「資格を取りたい」「学び直してキャリアを変えたい」と思ったとき、まず気になるのが費用の負担です。実は雇用保険に加入している人なら、講座費用の最大80%が戻ってくる「教育訓練給付金」という制度があります。2024年10月の改正で給付率と上限が拡充され、対象講座も広がりました。ただし一般・特定一般・専門実践の3種類があり、自分がどれに当てはまるか、手続きはどう進めるかが分かりにくいのも事実です。

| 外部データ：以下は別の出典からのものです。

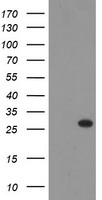 THAP6 Antibody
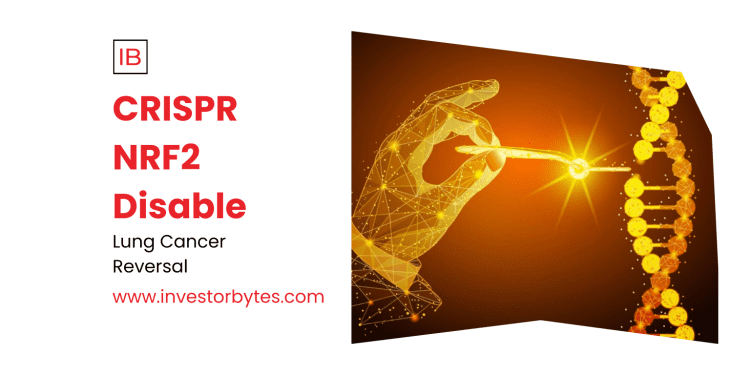 CRISPR NRF2 Disable: Gene Knockout Resensitizes Lung Tumors to Chemo in Precision Strike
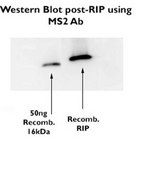 Anti-Enterobacterio Phage MS2 Coat Protein from rabbit, purified by affinity chromatography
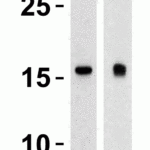<strong>Figure 1 Western Blot Validation in Human Heart (Lane 1) and Human Prostate (Lane 2)</strong><br>Loading: 15 μg of lysates per lane.Antibodies: TSLP 4023 (4 μg/mL), 1h incubation at RT in 5% NFDM/TBST.Secondary: Goat anti-rabbit IgG HRP conjugate at 1:10000 dilution.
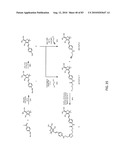 Chemical Reporters of Protein Acylation diagram and image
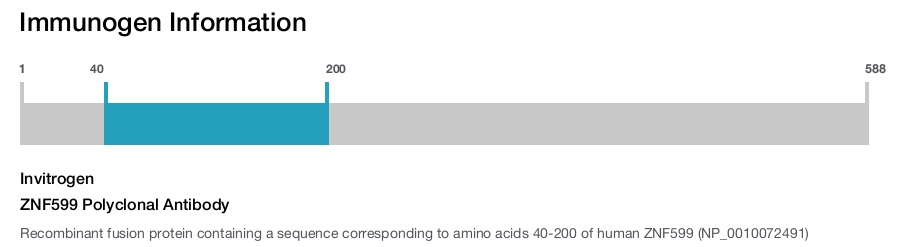 ZNF599 Polyclonal Antibody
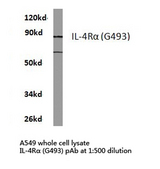 IL4R / CD124 Antibody - Western blot of IL-4R (G493) pAb in extracts from A549 cells.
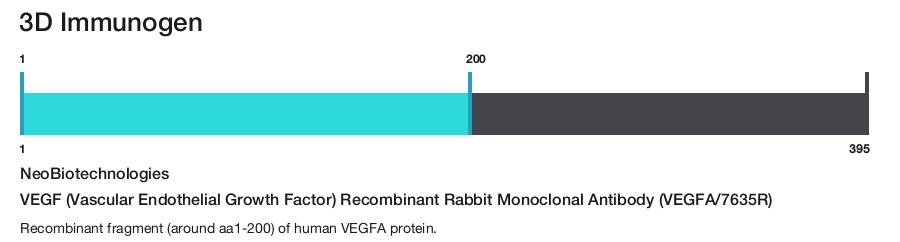 VEGF (Vascular Endothelial Growth Factor) Recombinant Rabbit Monoclonal Antibody (VEGFA/7635R)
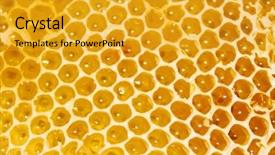  Presentation with cells - Presentation with diligence details - cells of the honeycomb background and a gold colored foreground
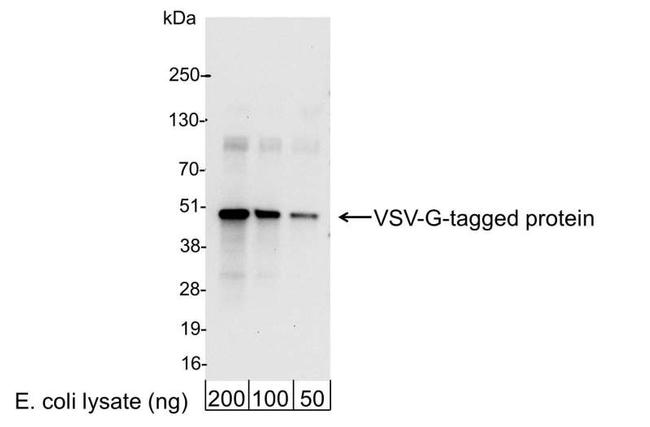 VSV-G Tag Antibody in Western Blot (WB)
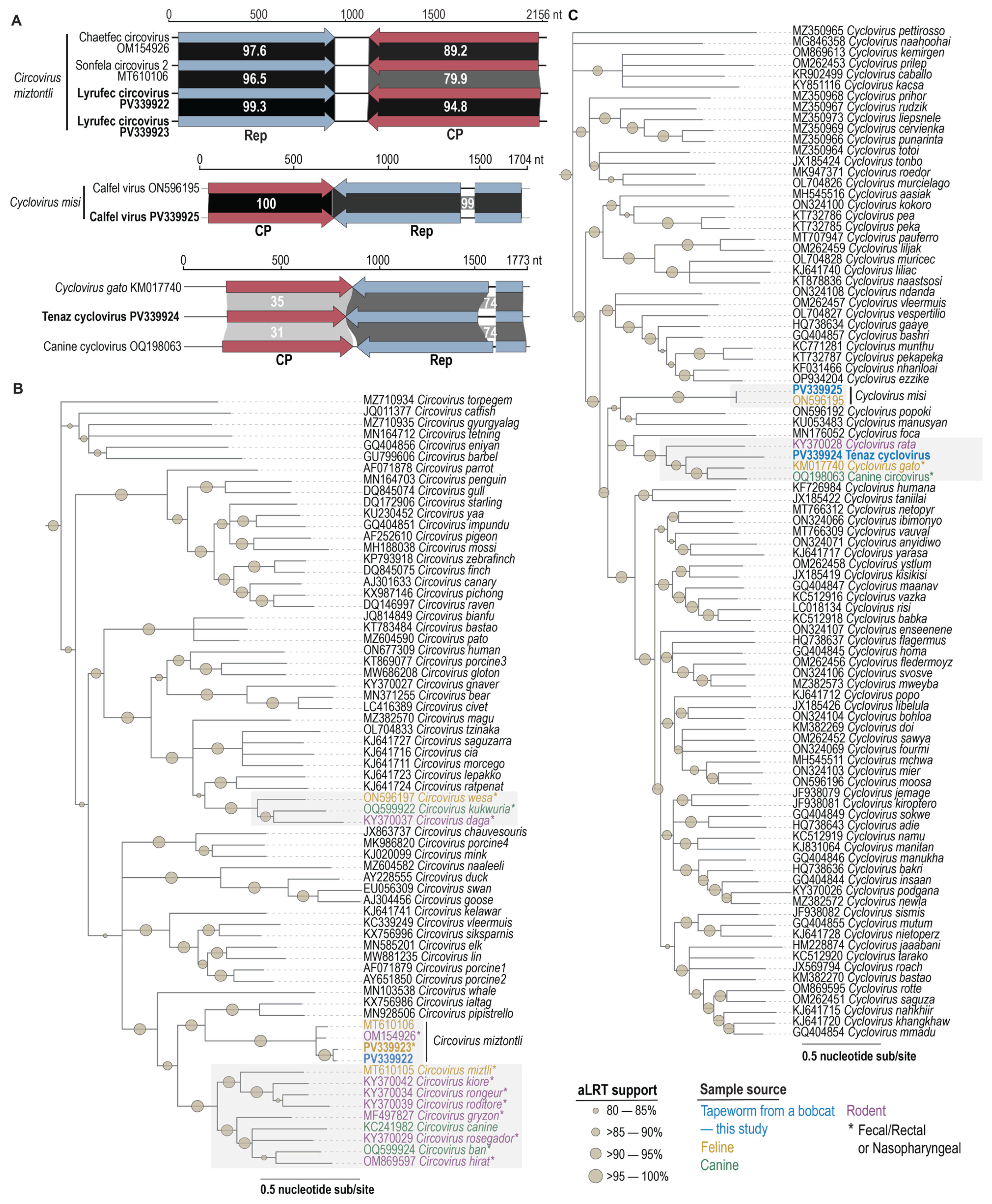 Viruses 17 00745 g002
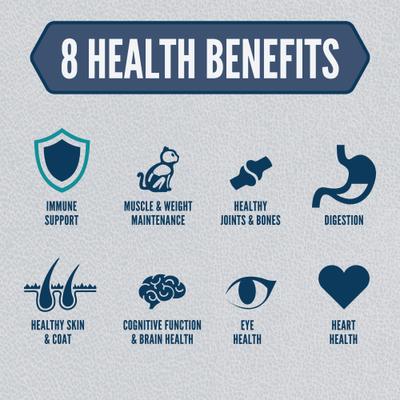 Show full view: ORIJEN Guardian Senior Grain-Free High-Protein Premium Dry Cat Food, 4-lb bag slide 5 of 13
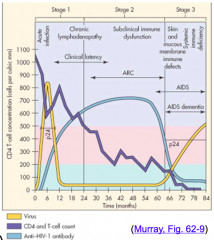 - Stage 1 - acute - Initial high amount of virus
- Decline during clinical latency through Stage 2 - asymptomatic
- Stage 3 - symptomatic/AIDS - amount of virus rises
(YELLOW)
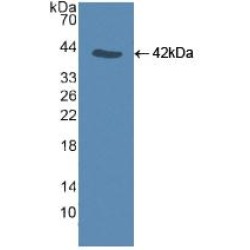 Caspase 9 (CASP9) Antibody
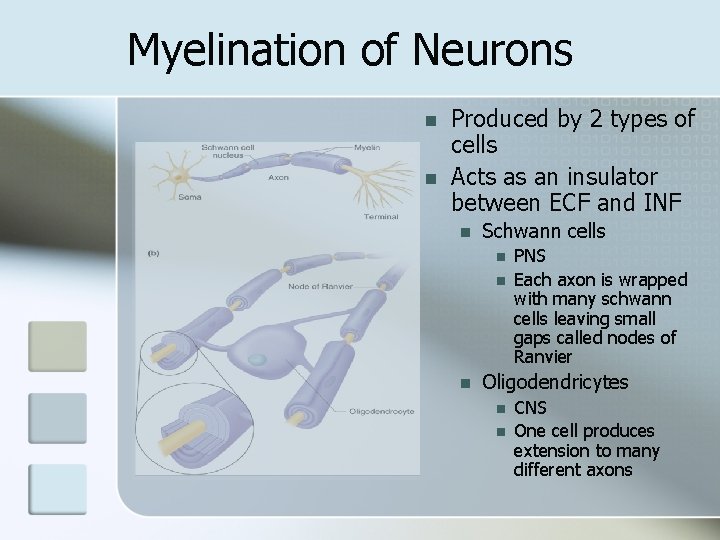 Myelination of Neurons n n Produced by 2 types of cells Acts as an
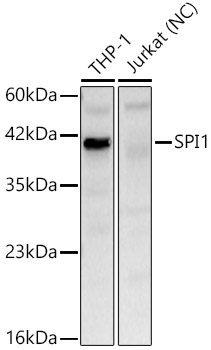 SPI1 Rabbit Polyclonal Antibody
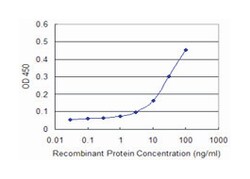 LFNG O-fucosylpeptide 3-beta-N-acetylglucosaminyltransferase, Mouse, Clone:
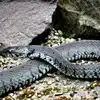 Snake Jumping From Roof,Viral Video : ಹಾವು ಮೇಲಿಂದ ಜಿಗಿಯುವುದನ್ನು ...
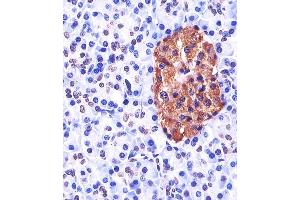 A staining Neurogenin3 in human pancreas tissue sections by Immunohistochemistry (IHC-P - paraformaldehyde-fixed, paraffin-embedded sections). (Neurogenin 3 antibody  (N-Term))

FinLaboでは3制度の違いと、給付を受けるまでの実務フローを整理します。
葵
教育訓練給付金の全体像——似た名前の制度と混同しない
教育訓練給付金は雇用保険の制度で、対象講座を受講・修了した人に受講費用の一部が支給される仕組みです。混同されやすい制度が2つあるため、まず整理しておきます。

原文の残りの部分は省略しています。